1. Download your homework to your local computer and save it as `GGR274_Homework_3.ipynb`.
2. Log in here: https://markus-ds.teach.cs.toronto.edu.
3. Submit your homework to `HW3: Homework 3`.

# Marking Rubric


Section     | 0 | 1 | 2 | 3
------------|---|---|---|---
Introduction|The question is not stated correctly or left blank | The question is stated correctly | NA | NA 
Data (for each python variable)       |auto test fails | auto test passes | NA | NA 
Methods (for each part) | No answer | The data extracted is specified or a reasonable rationale is given, but not both | Both the data extracted is specified and a reasonable rationale is given | NA
Computation |auto test fails | auto test passes | NA | NA 
Conclusion (for each part) | No answer | The question is answered but no explanation is given | The question is answered but the explanation is not supported or weakly supported by the data | The question is answered and the explanation is supported by the data 

Maximum grade: **35**


# Introduction section

This should introduce the question being explored in a sentence. __(1 mark)__

# Data section

The `Data` part of your notebook should read the raw data, extract a `DataFrame` containing the important columns, and present the overall data.
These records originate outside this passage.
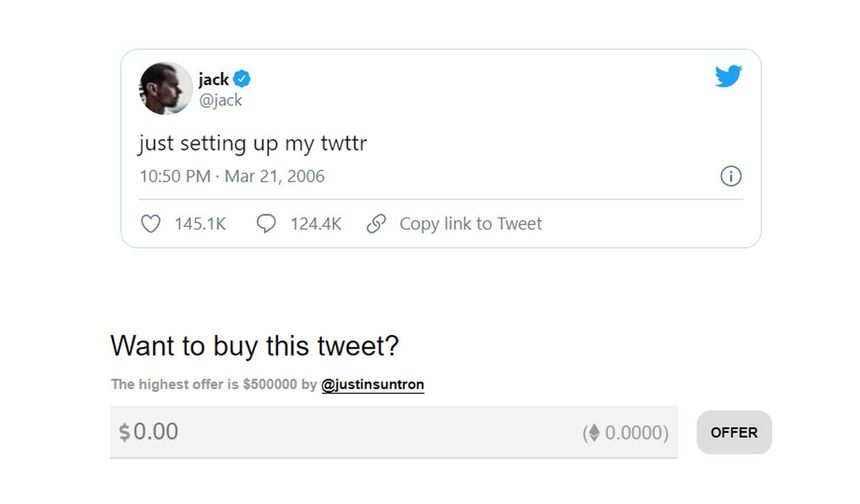 Twitter CEO’sunun attığı ilk tweet 2,5 milyon dolara satıldı!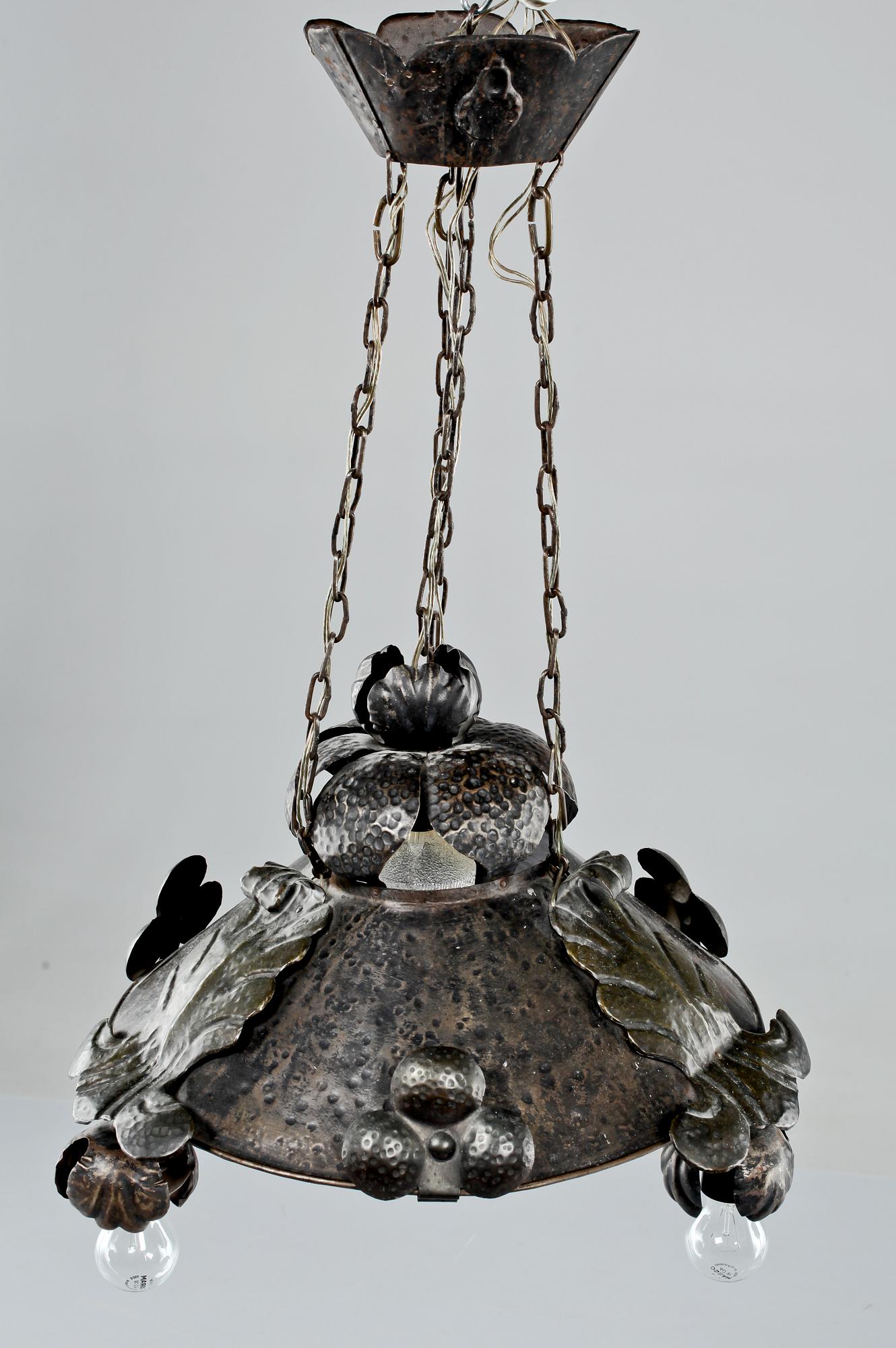 TAKLAMPA, jugend, 1900-talets första del. Höjd ca 80 cm.
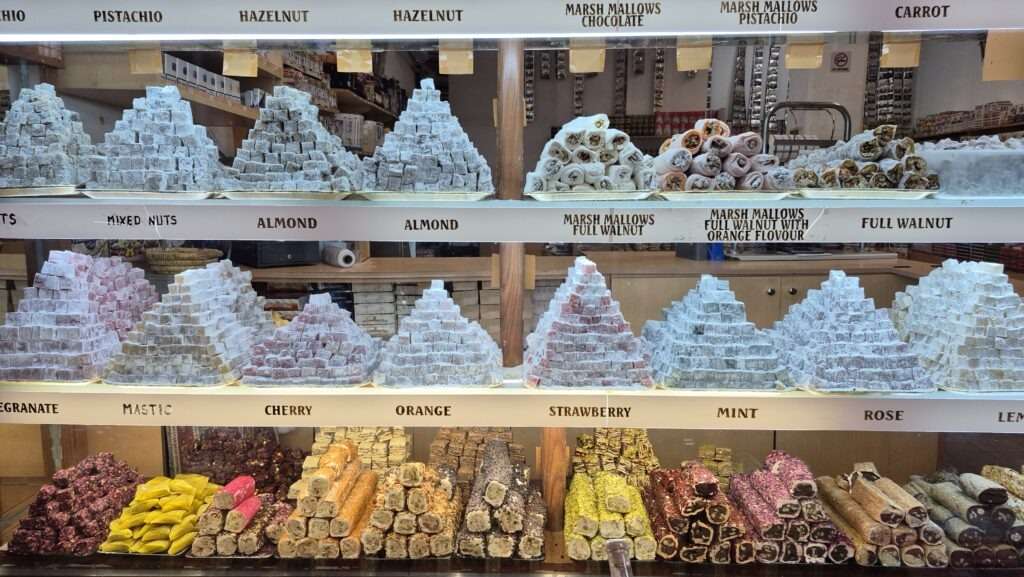 Sladkosti na tržnici v Nicosii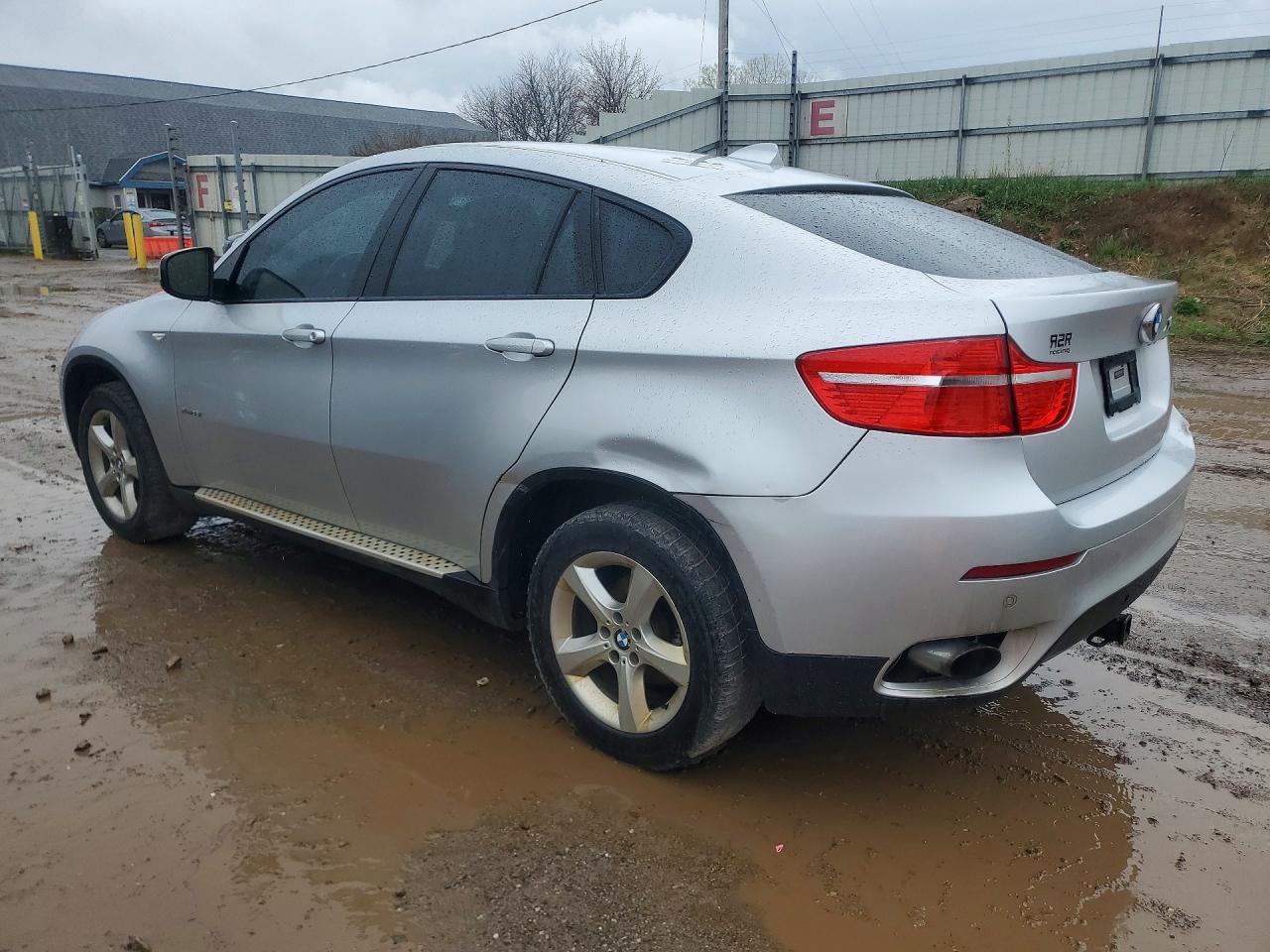 2012 BMW X6 XDRIVE35I photo 2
Create at least these three variables. (You might find it helpful to create other variables to name intermediate values.)

+ `time_use_data_raw`: the `DataFrame` created by reading the `gss_tu2016_main_file.csv` file. __(1 mark)__
+ `time_use_data`: the `DataFrame` containing only the relevant columns from the raw data: the `'CASEID'`, `'luc_rst'`, `'gtu_110'`, and `'ctw_140a'`, columns. __(1 mark)__
+ `new_column_names`: the dictionary mapping the column names from `time_use_data` to the values `'case_ID'`, `'urban_rural'`, `'feeling_rushed'`, and `'commute_driver'`, respectively. __(1 mark)__
+ `clean_time_use_data`: the `DataFrame` that is the result of renaming the columns in `time_use_data`, using the dictionary `new_column_names`. (We will not autotest this `DataFrame` until you have added columns, as described below.)


We will check the value of these variables in the autotester. You'll probably want to use a few other variables along the way for the intermediate steps, like naming a list of important columns, but we're not autotesting those.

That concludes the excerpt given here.